The lawsuit doesn’t identify the disability, but he has said previously that it made him unfit for duty as a trooper. The board that oversees the retirement system for state police officers later denied Karp’s request for a disability retirement, saying he didn’t meet the legal requirements.
Karp was put on leave and under investigation in 2017 after a Capitol employee reported receiving unsettling Facebook messages from Karp. In them, Karp sought to begin a romantic relationship, warned that her relationship with another man was “heading in a harmful direction” and said he would “ask for the LORD God to help clear your heart” when she rebuffed him.
The woman and others were concerned, in part, because Karp had previously discharged a rifle in the workplace. A termination letter accused Karp of “intimidating, threatening and unwelcome” interactions with colleagues.

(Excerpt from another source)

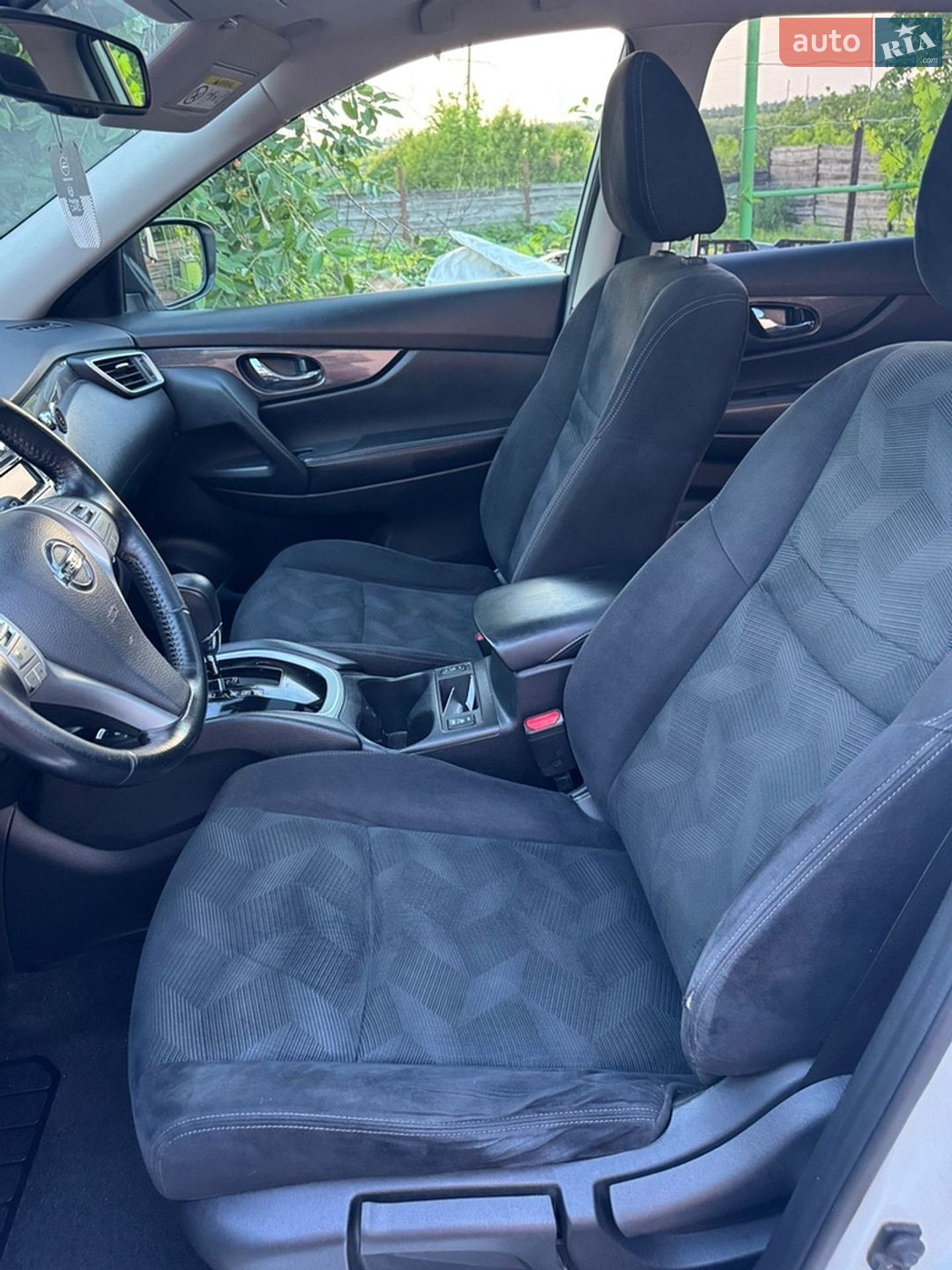 Nissan X-Trail 2016 VIN JN1TCAT32U0032205 фото оголошення 18 з 20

But Karp’s lawsuit alleges his termination was without “just cause” and inconsistent with the state’s progressive discipline policy. His attorney has said the Facebook messages weren’t intended to harass and that he stopped them at the woman’s direction.
The lawsuit also alleges that the lengthy inquiry into Karp’s alleged misconduct was defective and included unspecified “illegal and improper actions” by investigators. It seeks damages for lost wages and emotional distress.
A state patrol spokesman, Sgt. Alex Dinkla, declined comment.
The case was a test of Gov. Kim Reynolds’ strict policies forbidding sexual harassment in the workplace and punishing offenders and supervisors who fail to report it.
The employee who reported Karp’s messages has alleged that a patrol captain who oversaw Capitol security took no action on her complaint, and that she was advised he would be protected due to his political connections. A state investigation cleared the captain of wrongdoing.